Assignment: Copy verbatim the block of lines in the entries below whose first line contains "Young happy cheerful" and whose last line contains "Dionisos Luxury Suites - Chambre". Leave out all other lines.

Working data:
<<<<

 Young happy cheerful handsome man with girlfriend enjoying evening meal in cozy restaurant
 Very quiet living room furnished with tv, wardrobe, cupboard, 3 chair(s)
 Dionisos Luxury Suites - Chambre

>>>>
<<<<

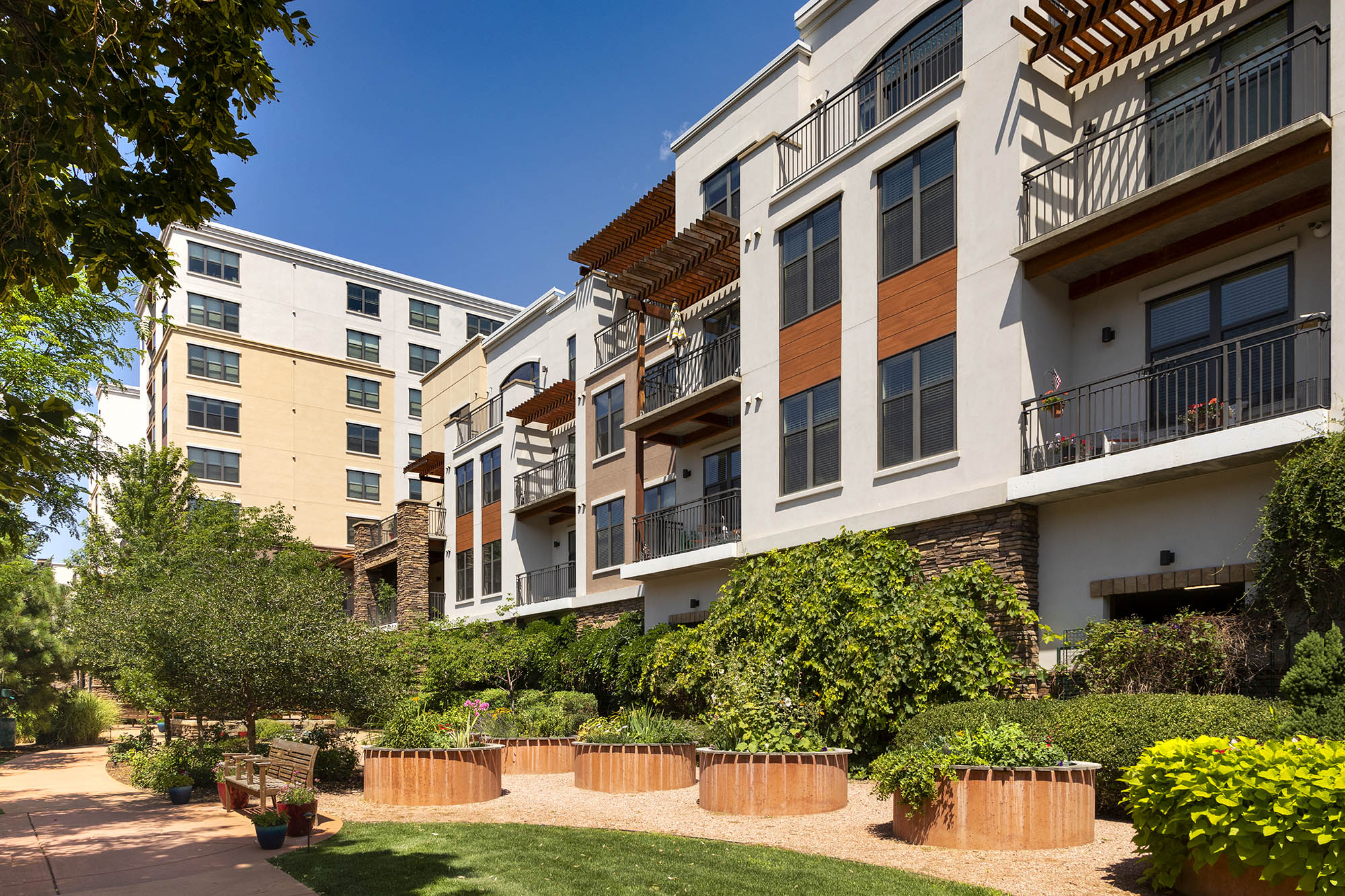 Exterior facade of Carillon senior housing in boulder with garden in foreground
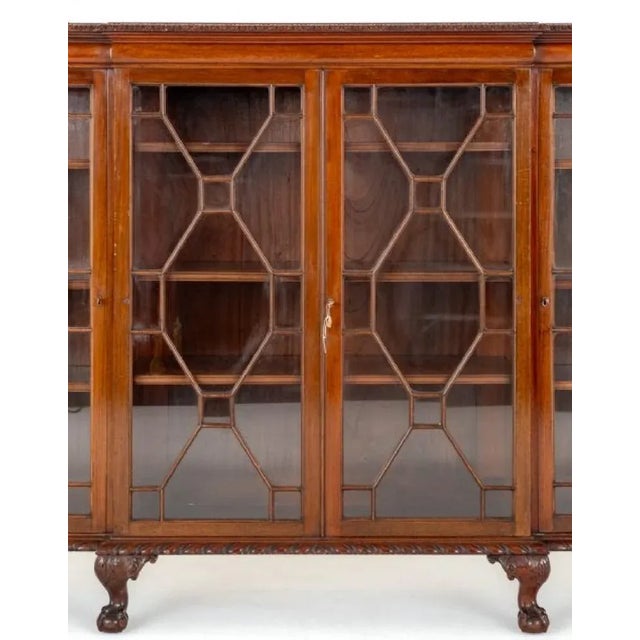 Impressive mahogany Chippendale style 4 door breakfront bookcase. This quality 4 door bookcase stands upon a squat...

>>>>

Answer space:
 Young happy cheerful handsome man with girlfriend enjoying evening meal in cozy restaurant
 Very quiet living room furnished with tv, wardrobe, cupboard, 3 chair(s)
 Dionisos Luxury Suites - Chambre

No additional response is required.